(Data items)
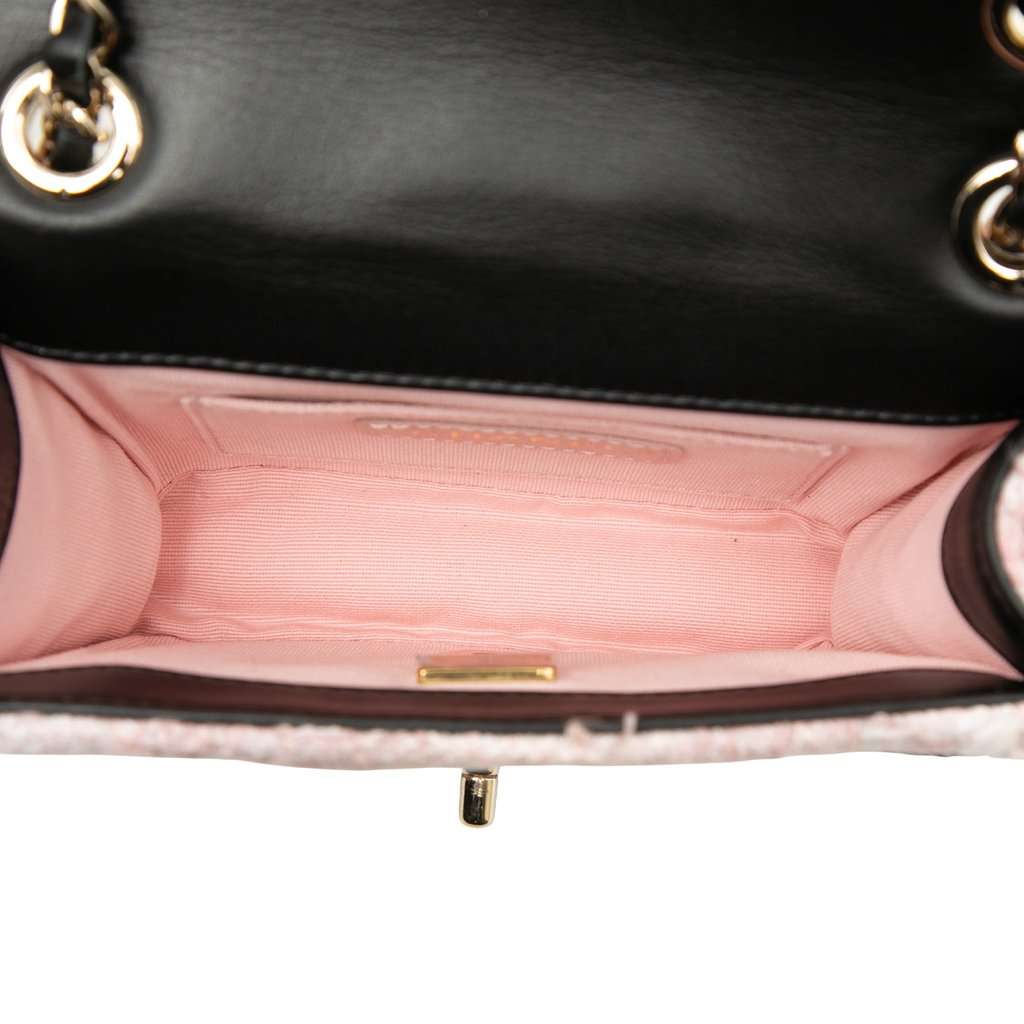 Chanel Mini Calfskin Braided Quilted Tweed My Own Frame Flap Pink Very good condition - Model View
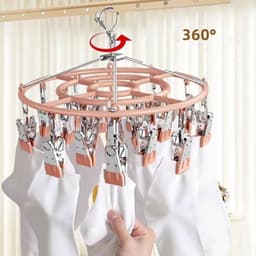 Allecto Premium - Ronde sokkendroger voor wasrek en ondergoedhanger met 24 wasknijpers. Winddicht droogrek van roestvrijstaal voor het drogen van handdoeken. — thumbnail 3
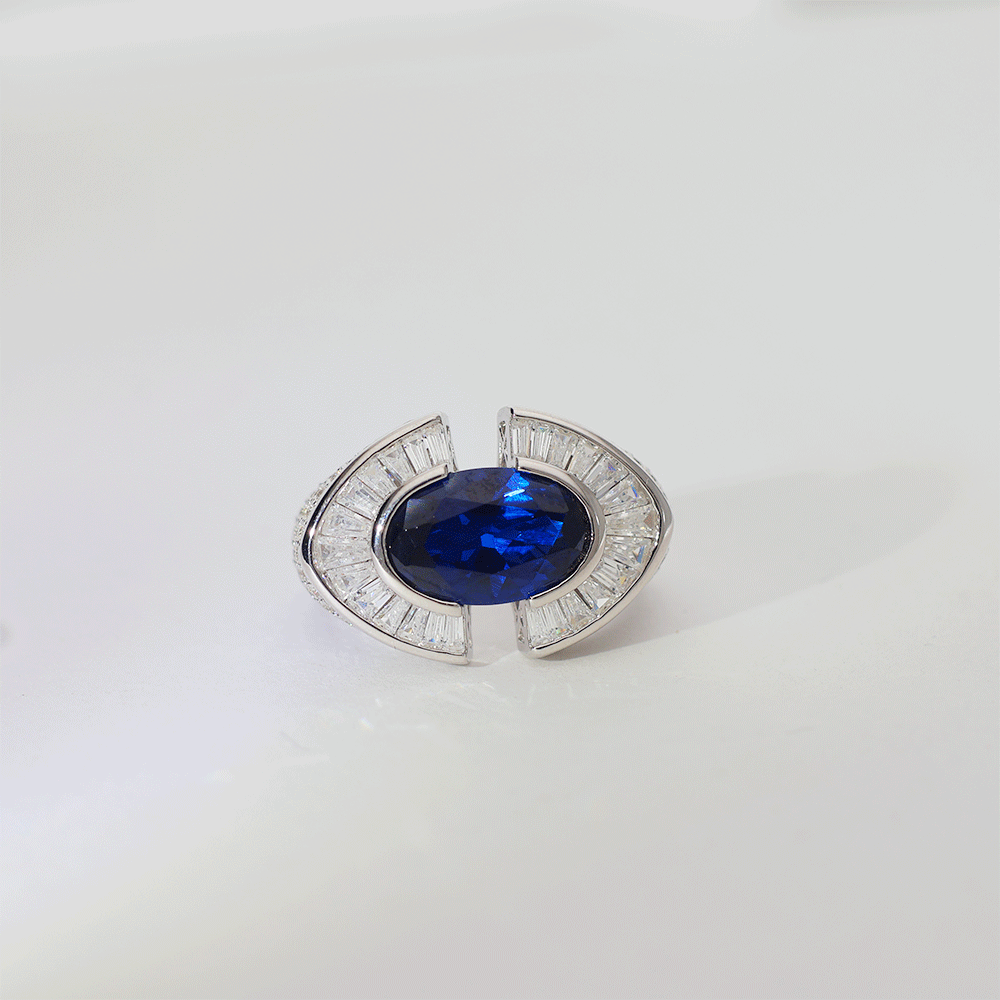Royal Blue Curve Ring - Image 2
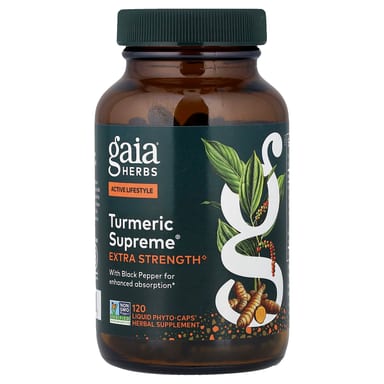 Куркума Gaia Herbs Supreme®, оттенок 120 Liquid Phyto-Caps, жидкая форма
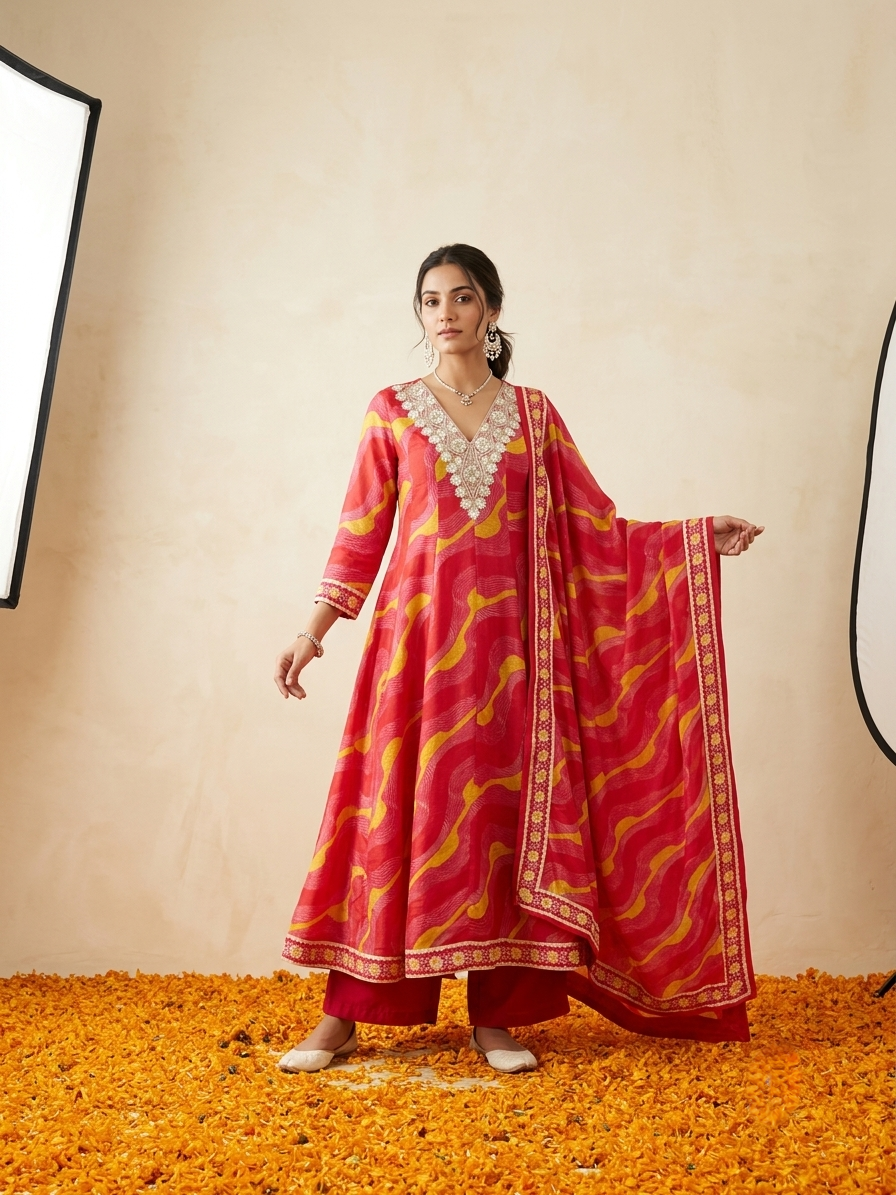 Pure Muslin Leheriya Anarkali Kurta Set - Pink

*Exercise details*:
Above are the records. Copy only the lines from the one with "Allecto Premium - Ronde" through the one with "Куркума Gaia Herbs", exactly, with no pictures.

*Solution*:
 Allecto Premium - Ronde sokkendroger voor wasrek en ondergoedhanger met 24 wasknijpers. Winddicht droogrek van roestvrijstaal voor het drogen van handdoeken. — thumbnail 3
Royal Blue Curve Ring - Image 2
 Куркума Gaia Herbs Supreme®, оттенок 120 Liquid Phyto-Caps, жидкая форма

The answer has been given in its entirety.